The holy grail of using Excel to solve electronics problems is to use it to find the nearest E91 resistor values. The most common approach is a lookup table. In finding a value for a resistor or capacitor, we are limited to discrete values; but Solver takes the approach that the input values are continuous. It would be nice if you could set up one of the input values as an integer and then use this as an index to return a value from a lookup table.
One of the shortcomings of Solver, and I believe it is a major one, is that it does not allow the inputs to be limited to integers and so you cannot achieve this level of versatility. The funny thing is that when I first investigated this I was working with Quattro Pro (is it still around?) and its Solver function could do this.
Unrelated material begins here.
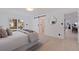 Comfortable main bedroom with en suite bathroom and a sliding barn door to the walk in closet at 8296 33Rd N Ave, St Petersburg, FL 33710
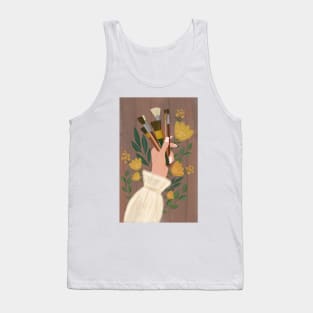 Woman's hand holding paint brushes surrounded by flowers Tank Top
Both Excel and Quattro Pro use the same engine from Frontline Solvers, but obviously with different capabilities.
Way back in July 2013, Max (“the Magnificent”) Maxfield posed a problem on All Programmable Planet that is deceptively complex. Since APP is no more and there is no blog repository I have reproduced the problem here with Max's kind permission.
What we have here is an alleyway bordered by two brick two walls that are “x” feet apart. Starting from the lower left-hand corner of the alleyway, we have a ladder that's 24 feet long and whose upper end is leaning against the right-hand wall. Meanwhile, starting from the lower right-hand corner of the alleyway, we find another ladder that's 36-feet long and whose upper end is resting against the left-hand wall.
As seen from a position looking down the alleyway, the perpendicular height from the floor to where the ladders appear to cross is 10 feet. The problem is to come up with a simple mathematical formula to determine the value of “x” — that is, the width of the alley.
The discussion is now lost, but it results in two simultaneous equations that are intricately linked through square roots. Common consensus in the responses was that it is rather time consuming to solve with traditional methods. Using the brute force approach of Solver (changing values until something works) it became so easy that the solution is elegant in its brevity. See if you can get it to work. I will provide my solution if anyone wants it in about a week.
Have you used Solver in any way? Did it provide the answers you'd hoped for?